It's early, but the first of our climbing heirloom beans are drying on the vine and they are just so pretty I had to share snaps of the handfuls I've harvested thus far...


  • Painted Lady is a runner bean that's been cultivated in the US for over 200 years and originated in Central America. It's nearly identical on the outside to the traditional scarlet runner bean, with its gorgeous orange flowers that the hummingbirds and other pollinators adore...except the beans are this gorgeous chocolate and ivory combination.

  • Borlotti, also known as Cranberry, is so delicious...but as I discovered this year? It's actually not a traditional vining bean to climb up your trellis. I had assumed I'd killed it because it only got a couple feet tall, and ripped most of them out, only to learn after harvesting what had dried on the existing plants that they were bush beans. Dude, WTF. So many of this handful of heirloom Italian-via-South America beans will mostly be saved for planting in the spring - in our raised beds!
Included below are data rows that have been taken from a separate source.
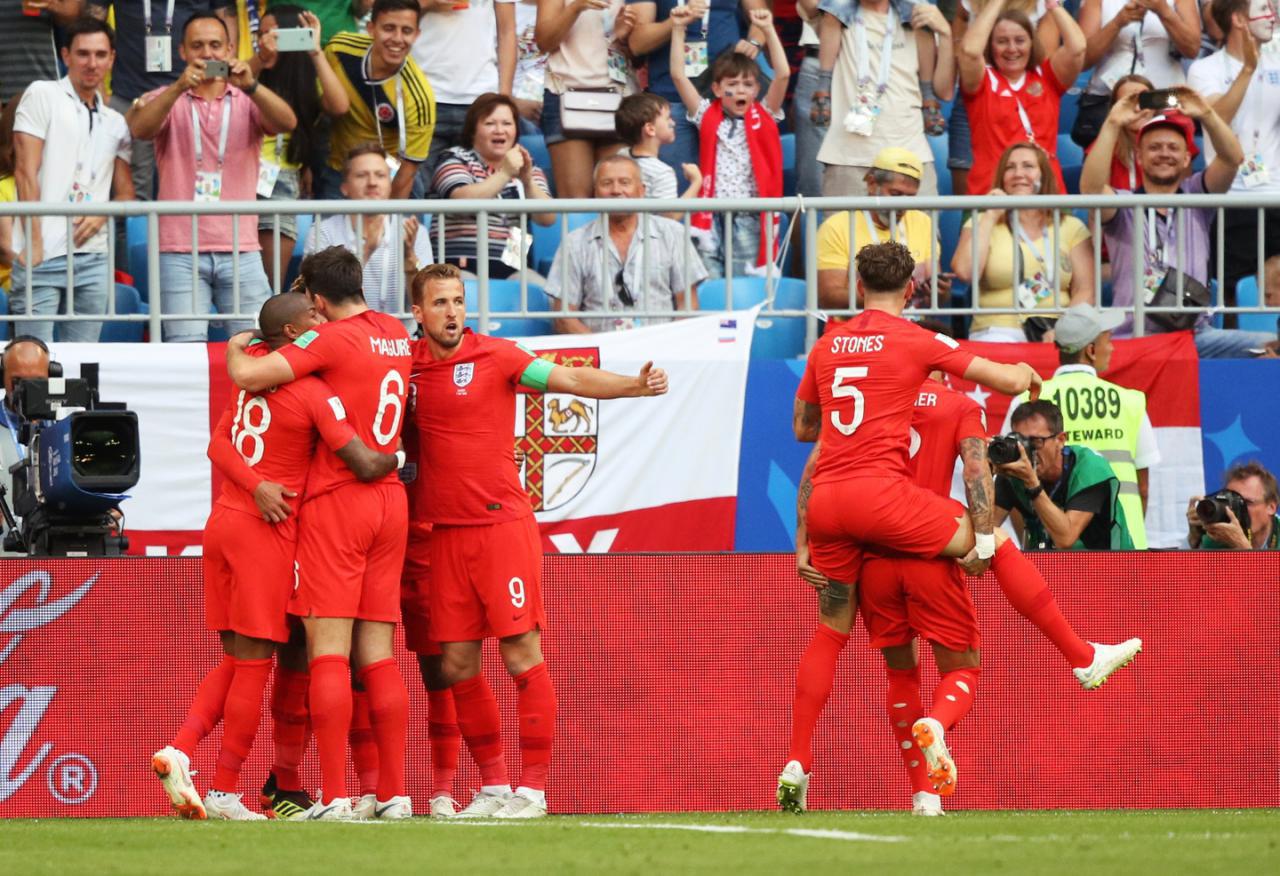 Англия обыграла Швецию и вышла в полуфинал ЧМ-2018 (видео)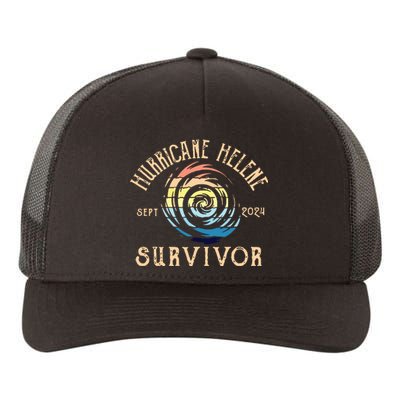 Hurricane Helene Survivor Yupoong Adult 5-Panel Trucker Hat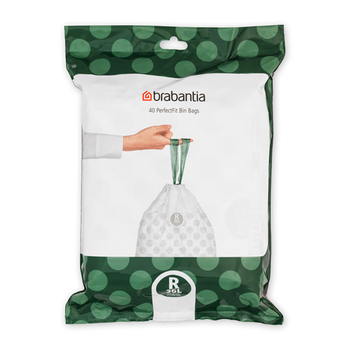Worki na śmieci rozmiar R - 36l 40 sztuk BRABANTIA
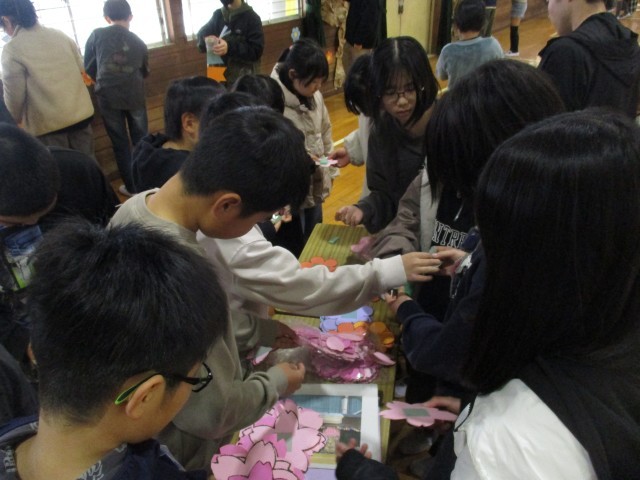 ５年生の飾り付け１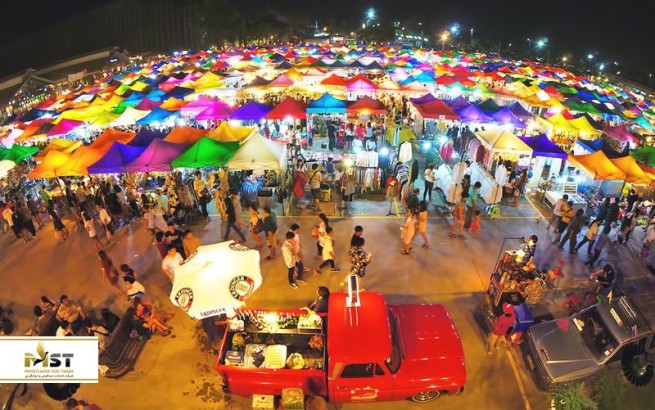 بازارهای شبانهی آخر هفتهای در بانکوک که کمتر شناخته شدهاند بازارهای شبانهی آخر هفتهای در بانکوک که کمتر شناخته شدهاند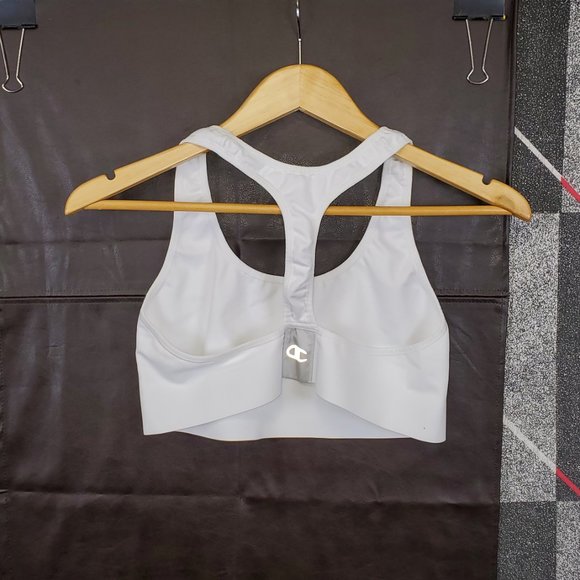 Champion The Absolute Workout Shape Sports Bra Moderate Support white - Picture 4 of 5
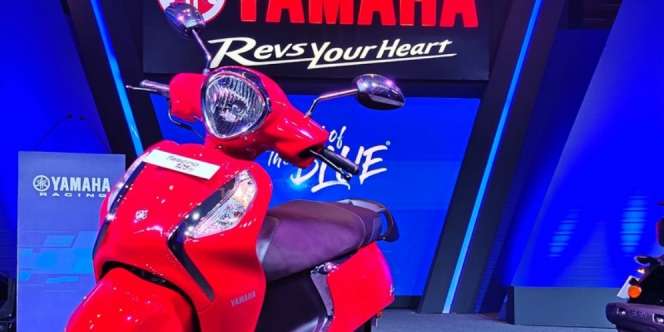 Yamaha Suntik Mati Skutik 110 CC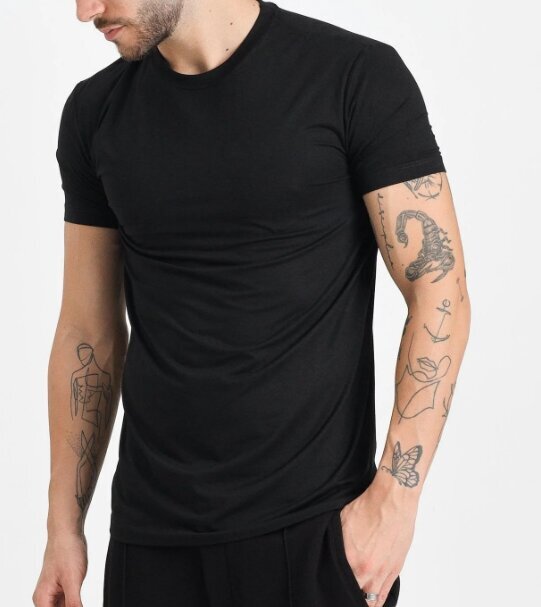 DSQUARED2  t-Shirt Round Neck t Basic Logo Retro Uomo |  JEK PIT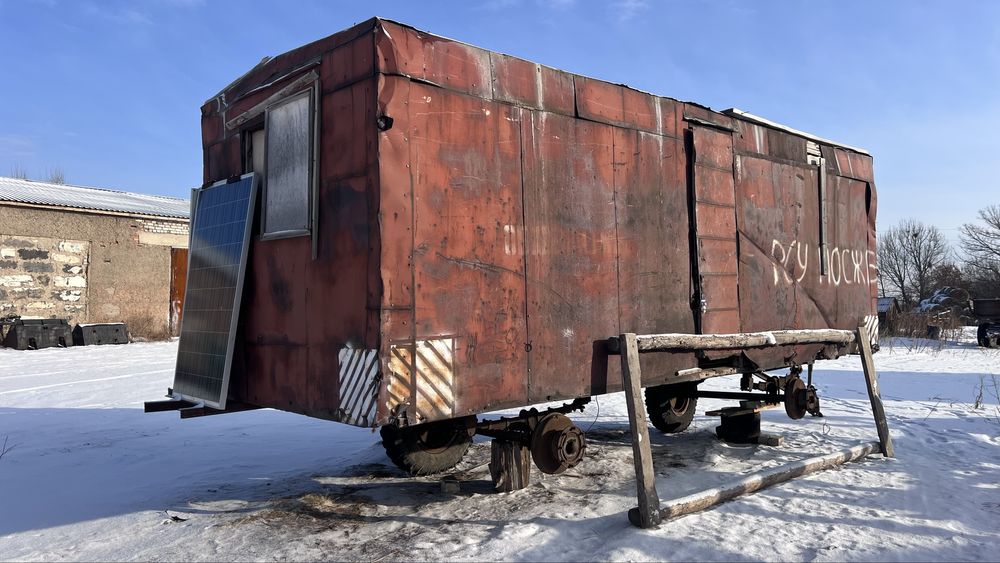 Продам Вагончик строительный жилой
  • Scarlet Runner Beans, my long-saved seeds over many many years which have been around for centuries on American and Mexican farms, have always been ones that I wish I grew more of, not only because of their aesthetics (I do love an orange flower, particularly on a vine) but because they are tough as nails and nearly impossible to screw up. They were the first to climb my new DIY trellises and have always been super low maintenance as long as you give them something to climb. Let the pods dry on the vine and, boom, that's it. Pop 'em in a jar.


I've got one other bean that is known for getting a late start and currently going nuts on another trellis which I'll show y'all in a few weeks...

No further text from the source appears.